Decided Sept. 28, 1990.
Patrick Hanley, Asst. U.S. Atty. (argued), Office of the U.S. Atty., Cincinnati, Ohio, for plaintiff-appellee.
Trisha Zeller James (argued), James & James, Louisville, Ky., for defendant-appellant.
Harvey A. Levin, Office of Thrift Supervision, Washington, D.C., for Office of Thrift Supervision.
Before KENNEDY and GUY, Circuit Judges, and PECK, Senior Circuit Judge.
Defendant, Erwin Wunder, was found guilty of willful failure to file income tax returns for the years 1979, 1980, and 1981, in violation of 26 U.S.C. Sec. 7203. Wunder filed 1040 forms for each of the years in question but failed to provide any financial information, instead asserting his fifth amendment right against self-incrimination.
On appeal, Wunder claims that the district court directed a verdict against him and that he suffered from ineffective assistance of counsel. Finding no merit to these claims, we affirm.
For well over 20 years, tax protestors such as defendant Wunder have been filing blank 1040 forms claiming a fifth amendment privilege against self-incrimination as the justification for failing to provide the required financial information. Apparently working from some type of kit or tax protestors' handbook, they advance time and time again the same discredited arguments involving the use of the fifth amendment. We have consistently held that when a 1040 is filed in this manner it does not constitute the filing of a return.
This Circuit has held that a tax return which contains no information from which tax liability can be calculated does not constitute a tax return within the meaning of the Internal Revenue Code. See United States v. Mundt, 666 F.2d 1029 (6th Cir.1981); United States v. Evanko, 604 F.2d 21, 23 (6th Cir.1979), cert. denied, 444 U.S. 1024, 100 S.Ct. 685, 62 L.Ed.2d 657 (1980), citing United States v. Jordan, 508 F.2d 750, 752 (7th Cir.), cert. denied, 423 U.S. 842, 96 S.Ct. 76, 46 L.Ed.2d 62 (1975); United States v. Daly, 481 F.2d 28, 29 (8th Cir.), cert. denied, 414 U.S. 1064, 94 S.Ct. 571, 38 L.Ed.2d 469 (1973). Other circuits also have held that the failure to provide any information in a tax return is tantamount to failure to file any return at all. See, e.g., United States v. Pilcher, 672 F.2d 875, 877 (11th Cir.), cert. denied, U.S. , 103 S.Ct. 306, 74 L.Ed.2d 286 (1982); Beatty v. Commissioner of Internal Revenue, 667 F.2d 501, 502 (5th Cir.1982); United States v. Booher, 641 F.2d 218, 219 (5th Cir.1981); United States v. Edelson, 604 F.2d 232, 234 (3rd Cir.1979); United States v. Brown, 600 F.2d 248, 251 (10th Cir.), cert. denied, 444 U.S. 917, 100 S.Ct. 233, 62 L.Ed.2d 172 (1979); United States v. Pryor, 574 F.2d 440, 442 (8th Cir.1978). Therefore, [defendant's] failure to provide the proper financial data on his tax returns amounted to a total failure to file a return. This cannot be justified under the fifth amendment.

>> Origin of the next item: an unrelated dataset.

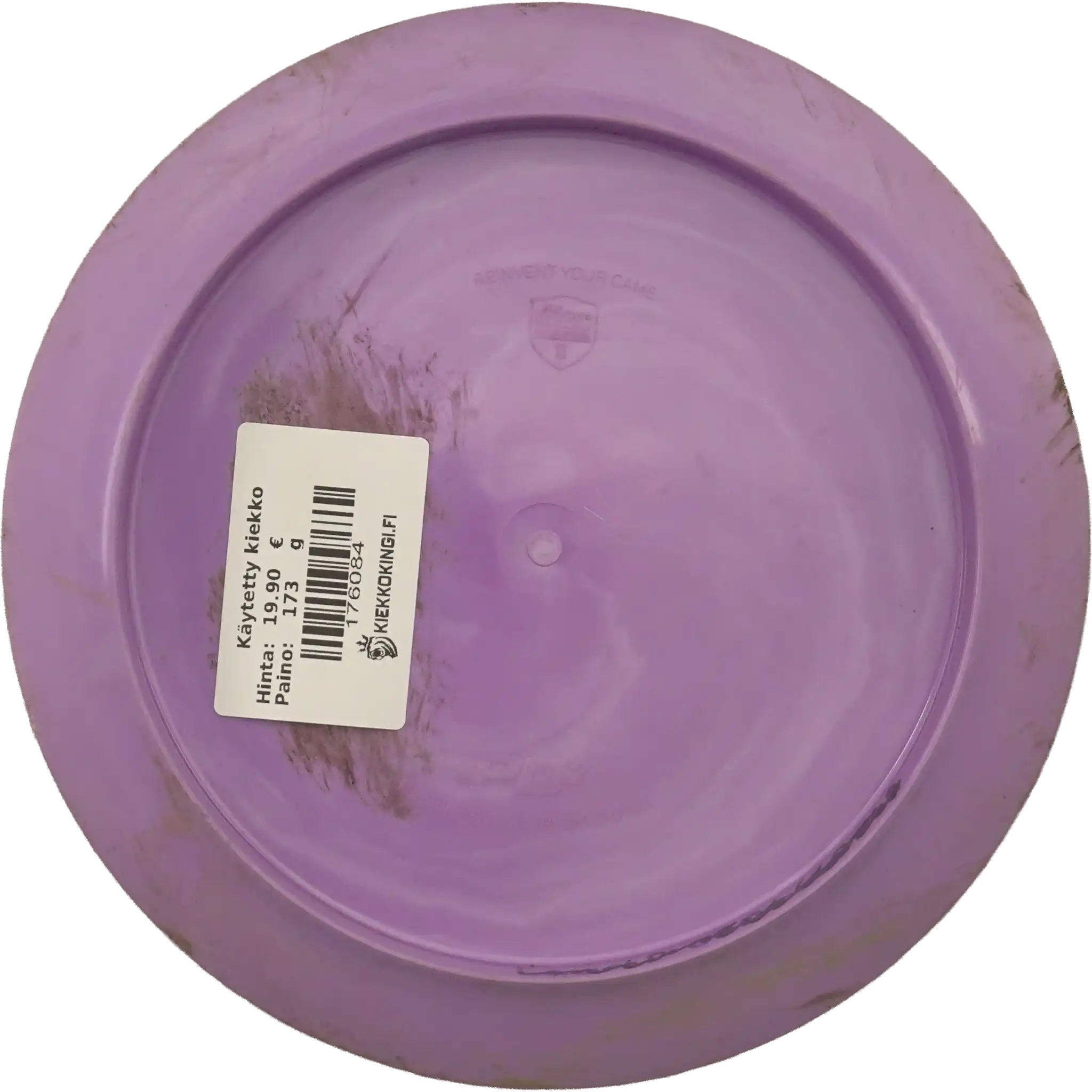 Swirl S-Line PD2 - Sky Stone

United States v. Heise, 709 F.2d 449, 451 (6th Cir.), cert. denied, 464 U.S. 918, 104 S.Ct. 285, 78 L.Ed.2d 262 (1983).
The defendant, in this case at least, has a variation on the theme. The district judge, when instructing the jury, told them: "And, accordingly, I do instruct you as a matter of law that the forms 1040 for 1979, 1980, 1981 contained in Exhibit 1E4 are not tax returns."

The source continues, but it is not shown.